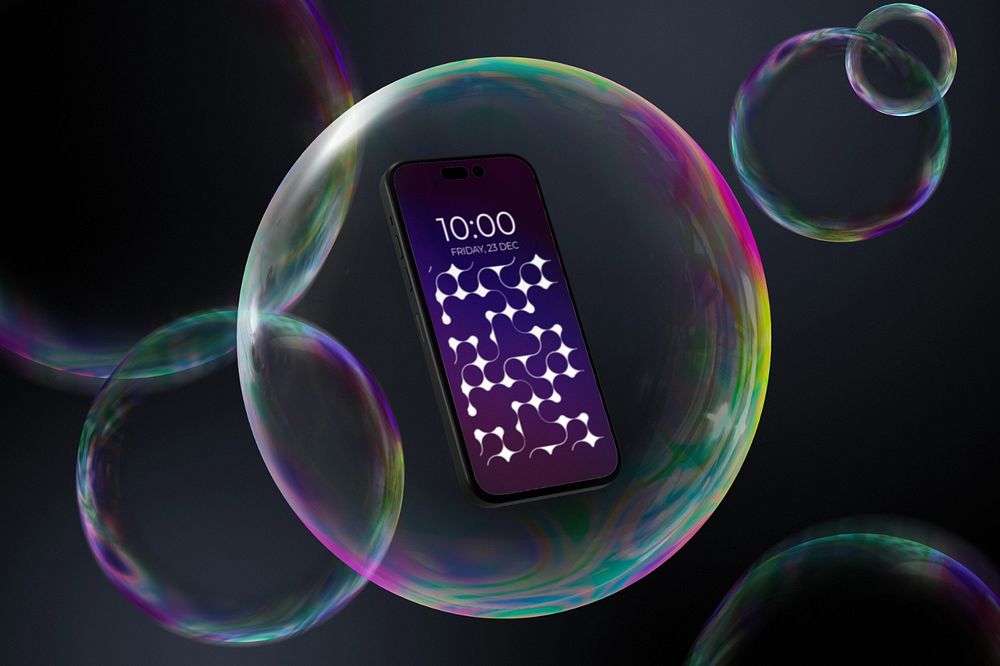 Mobile phone mockup in a bubble, editable design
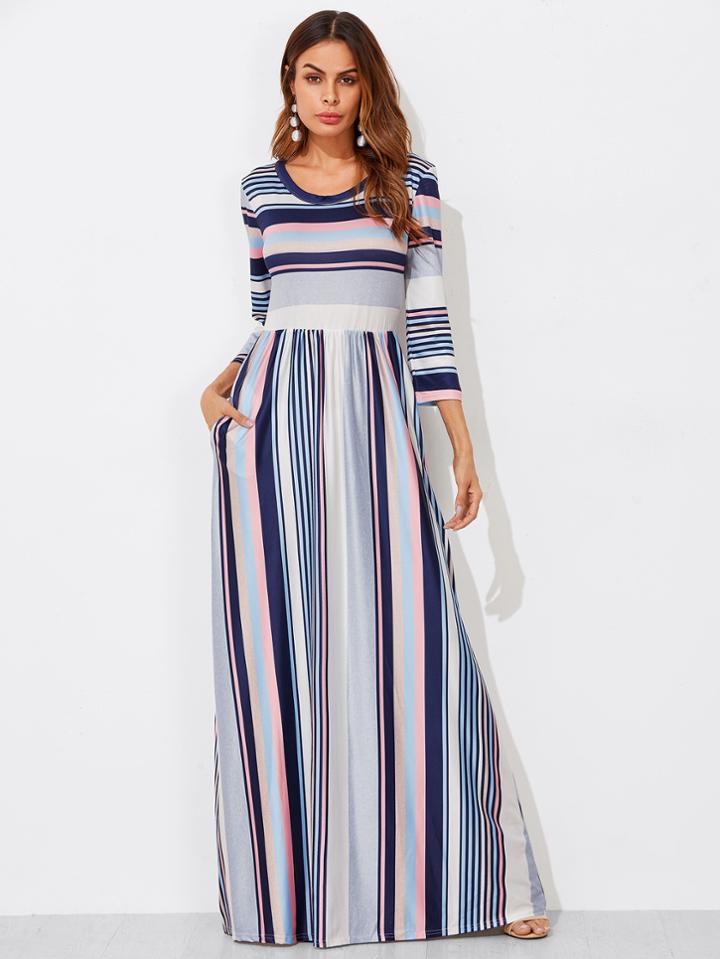Shein Colorful Striped High Waist Dress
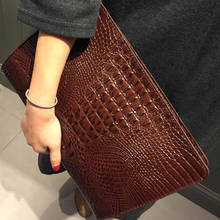 Crocodile PU Leather Women Clutch Handbag Black Brown Alligator Purse NO Strap Hand Bag female Clutches bolsa feminina purse 2024 - buy cheap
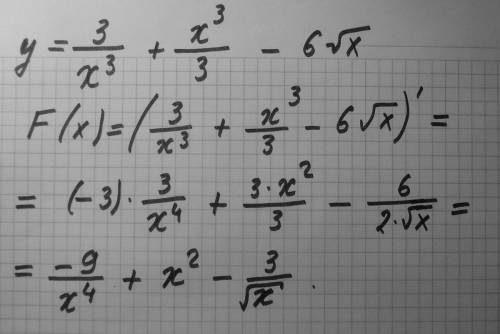 Найти производную y=3/x^3+x^3/3-6корень x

● **Your task**: Could you print the data exactly as it appears and keep the pictures out?

● **Exercise result**:
 Mobile phone mockup in a bubble, editable design
Shein Colorful Striped High Waist Dress
 Crocodile PU Leather Women Clutch Handbag Black Brown Alligator Purse NO Strap Hand Bag female Clutches bolsa feminina purse 2024 - buy cheap
 Найти производную y=3/x^3+x^3/3-6корень x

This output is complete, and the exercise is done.